Now all we need is a number, X, containing only zeros and ones,
ending in two zeros and divisible by all digits.
No problem.
There are ways to "construct" a number that is divisible by every digit by
supplying it with the properties above, although the digit 7 is more difficult.
Let's define another number, S, which contains only zeros and ones.
If the number of ones sums to a multiple of nine, S is divisible by
nine. If it doesn't, I can multiply S by 10N (where
N is the number of digits in S) and add S.

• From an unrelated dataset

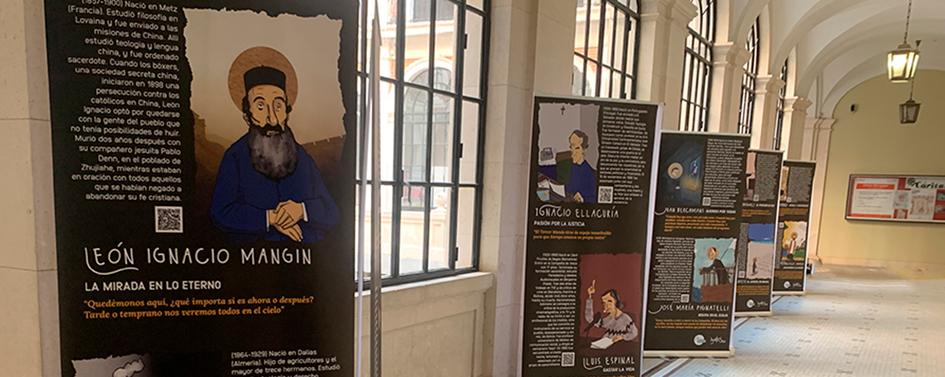 La exposición itinerante a su paso por el claustro de la Iglesia de San Francisco de Borja en Jesuitas Maldonado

This produces a new number, S', which is written as SS
(that is, the sequence of digits in S written twice). S'
is still divisible by S (and therefore everything S
was divisible by), because only integer multiplication and adding S
was applied. This operation can be repeated (it will take at most nine such
operations), to
produce a number whose digits must sum to a multiple of nine. Now, I multiply
the resulting number by 1000 (this ensures that it ends in two zeros).
It is now divisible by all digits (except maybe 7):
If the original number S happens to be divisible by 7,
the result of these operations will too, so it would be good to start
with a value for S which is divisible by 7. The smallest
number which qualifies is 1001. We can find the number 1001
with a little guess-and-check (it's
only the ninth positive integer that contains only zeros and ones).
Using 1001, and applying the operations described, results
in the number
X as
100110011001100110011001100110011001000.
The sequence
100110011001100110011001100110011001000
100110011001100110011001100110011001001
100110011001100110011001100110011001002
100110011001100110011001100110011001003
100110011001100110011001100110011001004
100110011001100110011001100110011001005
100110011001100110011001100110011001006
100110011001100110011001100110011001007
100110011001100110011001100110011001008
100110011001100110011001100110011001009
100110011001100110011001100110011001010
100110011001100110011001100110011001011
100110011001100110011001100110011001012
is a sequence of 13 consecutive special numbers.
Of course, there are sequences of 13 consecutive numbers that
contain smaller numbers. (Okay, perhaps it is interesting to find
the smallest, but this puzzle doesn't ask for that). It would be nice
to have a more direct method for
finding an integer containing only zeros and ones that is divisible by 7
(although I doubt there is a simple one).